She looked up at Cicero. For just an instant she let all the despair in her spirit show in her eyes. A flash of sorrow reflected in his. Then he nodded his encouragement.

And she opened her pouch.

The pristine white fabric spilled out into her hands and she fumbled with the cloth, trying to unfold it and find the front. In her haste to get the thing on before she could chicken out she could not get it over her head. Many hands helped her, and in a moment the four-pointed blue star with its white heart and sun rays was centered boldly upon her chest. She smoothed her hand down the unfamiliar insignia. Her mind refused to accept what her eyes saw.

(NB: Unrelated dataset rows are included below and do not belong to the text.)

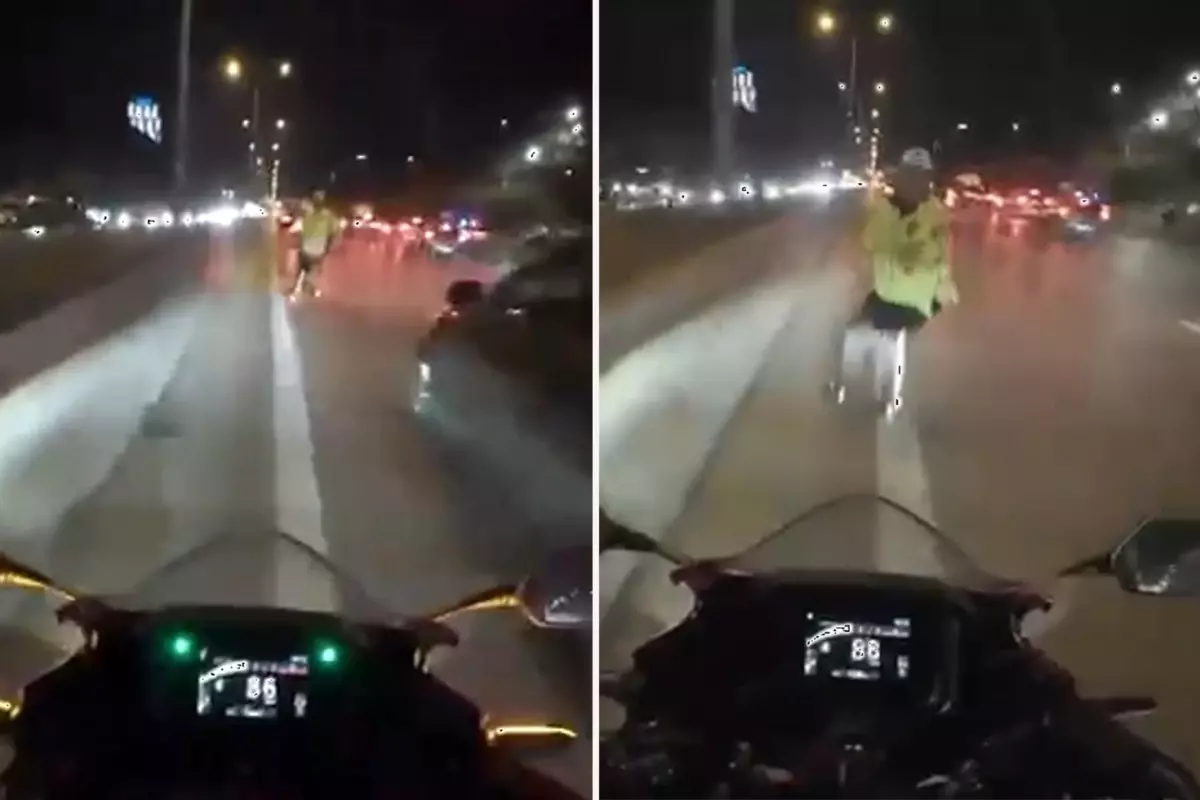 Maltepe'de motosikletin çarptığı trafik polisi yaralandı: Kaza anı kamerada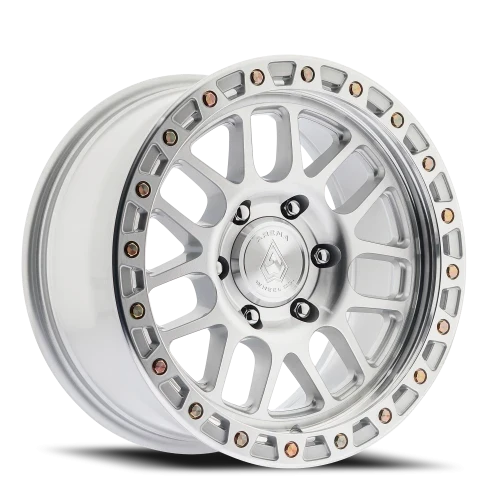 Arena Wheels Boost — Gloss Silver Machined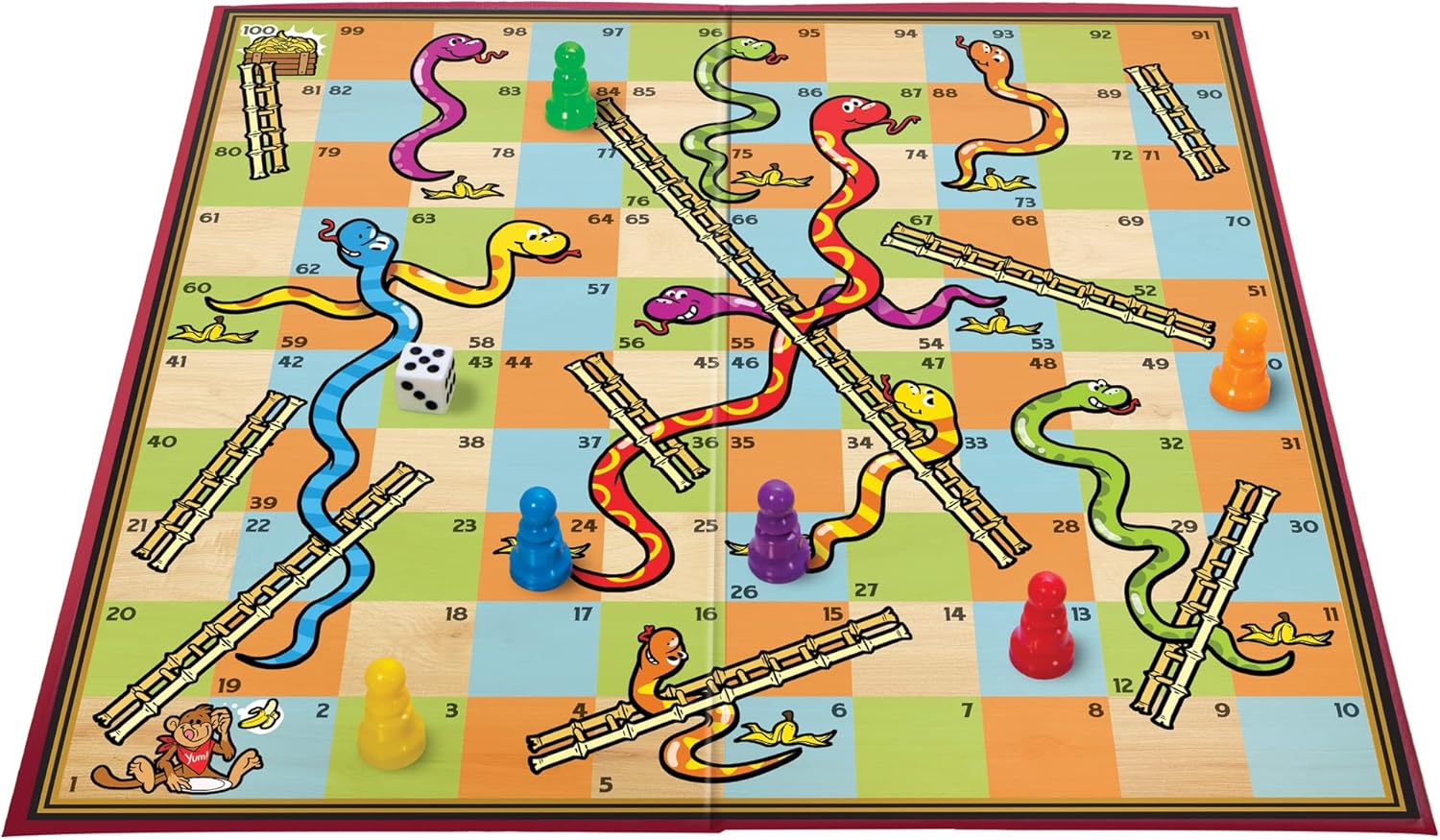 Schylling-Snakes & Ladder Game-(Age 3+)- (SLG) - Image 3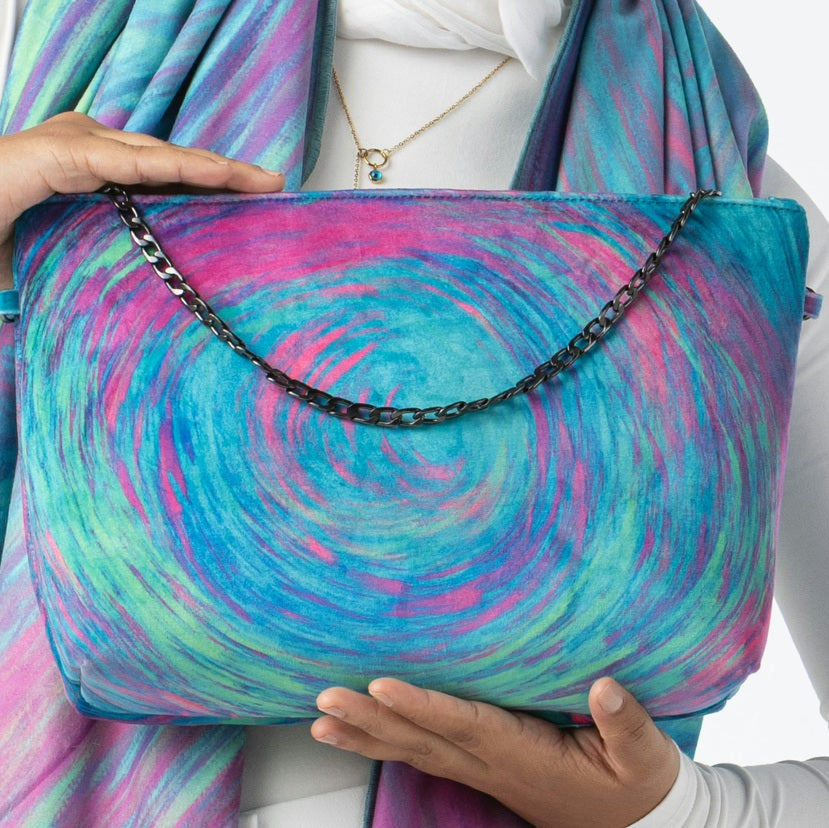Artistic Clutch Bag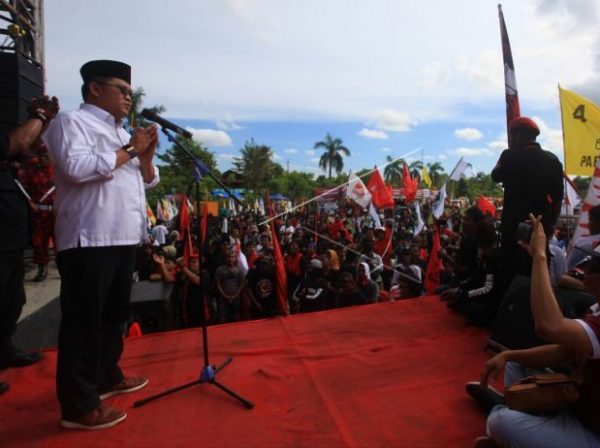 Menkominfo Rudiantara Jurkam Nasional 01 Kampanye di Kulon Progo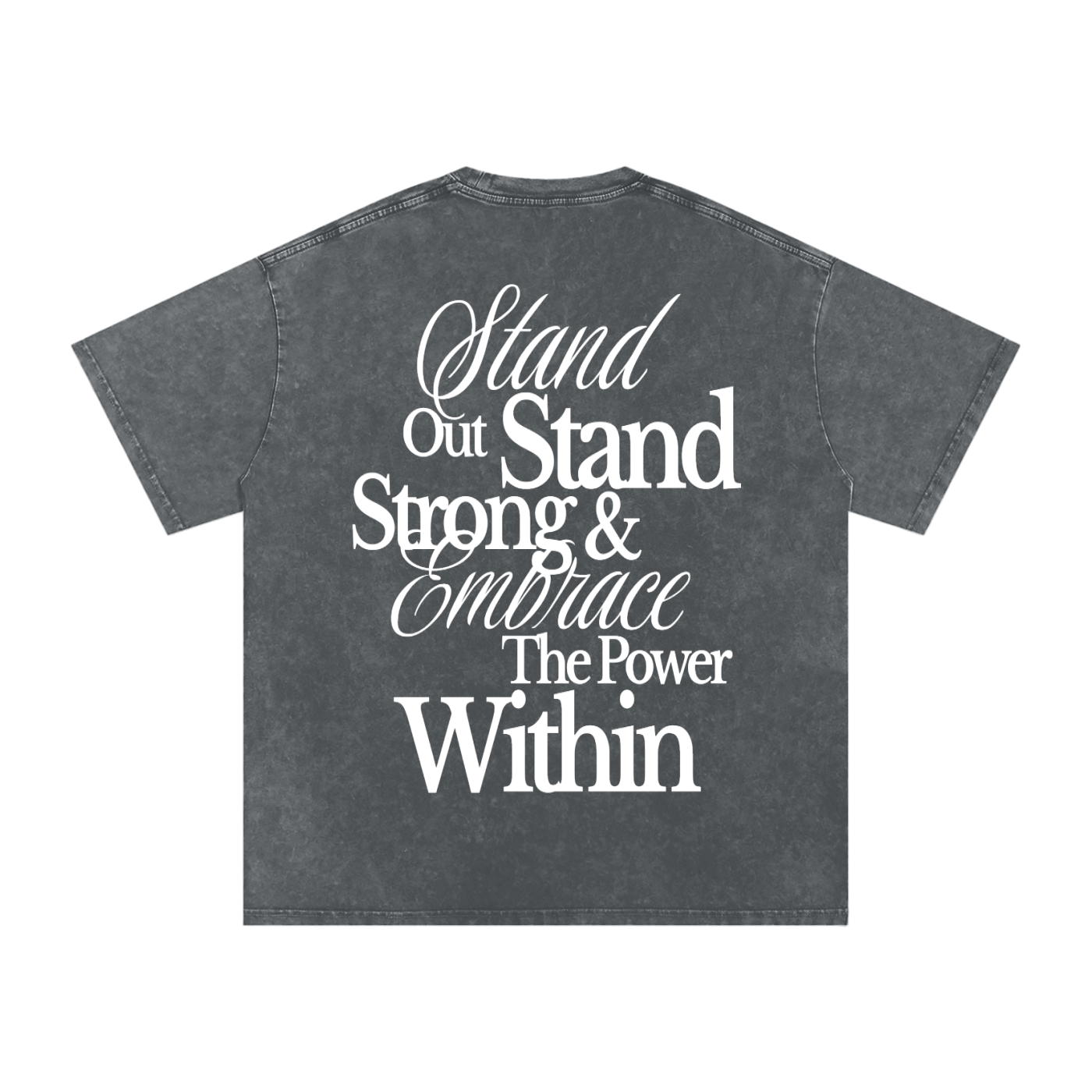 "Within" Snow Washed Oversized Cotton T-Shirt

“What do I do?” she asked Rosana blankly.

Rosana cried, “Just run out in the middle of the fight and start healing. They all will leave your colors alone. Heal everyone who needs it, no matter their race nor which side they fight on. Since the Boki allow Balthazar to live with them, I think they know the rules and will let you heal their kills.”

She looked up at the raging battle doubtfully. “I'm supposed to walk out into the middle of that?”

“Aye. You are White Heart now. No one touch you.” Rosana muttered a fast incant and cast a glow spell on Raina. Against the pristine white of her tabard, it lit the night like a torch. “Go!” Rosana gave her a little push.

Sha'Li and Cicero pulled back the brambles to make an opening for Raina. She stumbled forward. Stood upright. And started forward, terrified.

The nearest combatants hitched in their swings as they caught sight of her. Both the rakasha and the Boki who were fighting disengaged from their combat and stepped back to let her pass between them. She walked forward, dimly noting the sounds of their resumed combat behind her.
Heal everyone.

Leland. Must get to Leland.

She fixed in her mind's eye the last place she'd seen him and broke into a run, aiming straight for him. The ground was rough, and she tripped several times over what she hoped were tree roots but suspected were not. Once a hand even reached out to steady her when she would have fallen in a patch of blood-soaked mud. She did not stop to thank the warrior, for Leland lay somewhere before her, dead, a stake through his heart.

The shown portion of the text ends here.